# King Size Coke



## vintage57 (Feb 24, 2012)

Trying to find bottles to fill a carton. Which size was KING size for Coke? 10 or 12oz?
 Can you believe I have collected Coke for 35 years and Never paid attention to such a fact?
 Do I feel like a DUH!
 Thanks.
 Terry


----------



## OsiaBoyce (Feb 24, 2012)

I'd venture to guess anything but  the 6 oz. bottles.  Most likely the 12oz. bottles from the 60s. Here's why I say that.

 These are 1960s era crowns that say Kinge Size, someone like Digdug could be more date specific than I.

 Note they only say Coke. Save one from what I would belive from the 80s.


----------



## epackage (Feb 24, 2012)

> ORIGINAL:  vintage57
> 
> Trying to find bottles to fill a carton. Which size was KING size for Coke? 10 or 12oz?
> Can you believe I have collected Coke for 35 years and Never paid attention to such a fact?
> ...


 I hope this helps Vintage57....Jim


----------



## epackage (Feb 24, 2012)

...


----------



## OsiaBoyce (Feb 24, 2012)

How old is your carton?  Here's a 12oz. as noted on the neck.


----------



## OsiaBoyce (Feb 24, 2012)

See.


----------



## epackage (Feb 24, 2012)

Just to throw a Monkey Wrench in the mix Vintage57, here's a carton marked 10oz. on the bottom but it also says King Size on it....???


----------



## OsiaBoyce (Feb 24, 2012)

.......but for a definitive answer I would turn to this book by our own Digdug.


----------



## epackage (Feb 24, 2012)

This is from The Handbook of Texas Online and an article about the soft drink industry in Texas.

 In 1955 Coca-Cola introduced the "king-size" (ten or twelve ounce) and the "family-size" bottles (twenty-six ounces).


----------



## digdug (Feb 24, 2012)

The King Size was both, the 10 ounce and 12 ounce.
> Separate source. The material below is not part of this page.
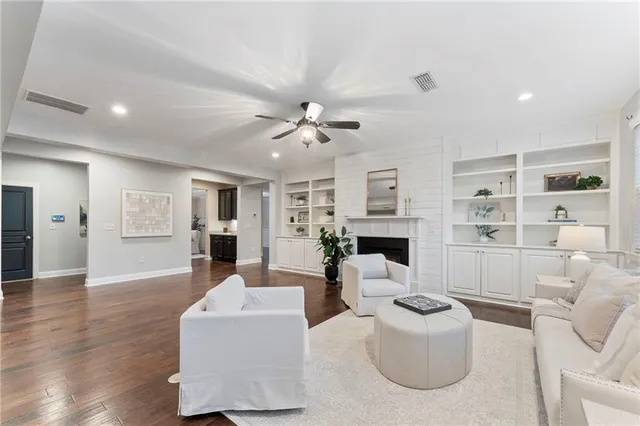 a kitchen with a sink cabinets and wooden floor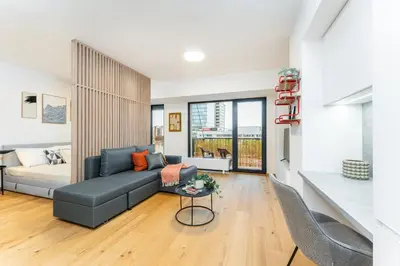 a living room with a couch and a table at Rentero Fresh Apartment next to Prague City Center in Prague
Each bottler could choose which size they wanted to offer in their service area.  Since Pepsi had used mainly the 12 ounce, a Coca-Cola bottler might want to sell a 12 ounce in his area to better compete against them, etc.   So either 10 or 12 for your carton would work.
 And thanks Pat for the plug on my book.  I don't discuss my book on the forum due to the flak I received for doing it when it first came out.
 Doug


----------



## epackage (Feb 24, 2012)

> ORIGINAL:  digdug
> 
> The King Size was both, the 10 ounce and 12 ounce. Each bottler could choose which size they wanted to offer in their service area.  Since Pepsi had used mainly the 12 ounce, a Coca-Cola bottler might want to sell a 12 ounce in his area to better compete against them, etc.   So either 10 or 12 for your carton would work.
> And thanks Pat for the plug on my book.  I don't discuss my book on the forum due to the flak I received for doing it when it first came out.
> Doug


 Great info...thanx Doug...Jim


----------



## vintage57 (Feb 25, 2012)

WOW! Thanks for the interesting info, guys!
 Here's why I'm looking.
 Last fall I found an 8 pack carton of 16 oz bottles for a buck! But they were in the 
 Original Formula Classic red carton. I thought they would look better in a vintage carton.
 I found and won a set of 3 different cartons off ebay...an 8 pack, one marked both 16 oz and ONE PINT (in big letters) and the King Size one. I'll put the bottles I bought in the One Pint carton and wait for 4 more to make another 6 pack. I have enough 6 1/2 ouncers for the 8 pack. I just wondered about the King Size. I know that some bottles have a bigger diameter and might fit a carton too tight, I assume they would be 16 oz.  I just wanted to know so I could make a nice display. 
 And about the statement regarding that bottlers could choose 10 or 12 oz. ... What if they sold 12 oz; what would they do when 10 oz bottles came back from the retailer? Maybe swap out with another bottler doing 10 oz?
 I would appreciate being able to purchase the Coke Bottle book. Can *digdug* send me an email with info 

 ewaldsbarbq@hotmail.com       My email is messed up if replying to my forum name.

 Terry


----------



## acls (Feb 25, 2012)

Good info on the King Size Coke.  If I had seen that post where people criticized you Doug for posting information about your book I would have stuck up for you.  Sheesh.... If an established forum member can't share with everyone he wrote a book about bottles.... that is ridiculous.


----------



## Eric (Feb 26, 2012)

Here are some of my KING SIZE COKES.... Can't find a date on my crate.. would be on the inside
 but the outer inner sides were cut/groved.rounded after the sampings... bottles dated on bottom 55?


----------



## Eric (Feb 26, 2012)

date (and I meant the crate dates were stamped not samped Ha...) was too late to edit.


----------



## Eric (Feb 26, 2012)

one of my 6 packs of 12 oz. bottles


----------



## digdug (Feb 27, 2012)

Vintage57- Terry, No problem. I don't mind sharing any information I have on bottles. I sent you an email about my book. 
 Doug

 Eric, yes your bottles are from 1955, first year for the King Size. Although 1955 they were in limited production and were being tested in different areas. It wasn't until 1957 before they were offered to any bottler that wanted to carry them. The 10 and 12 ounce were available either embossed or ACL at first.


----------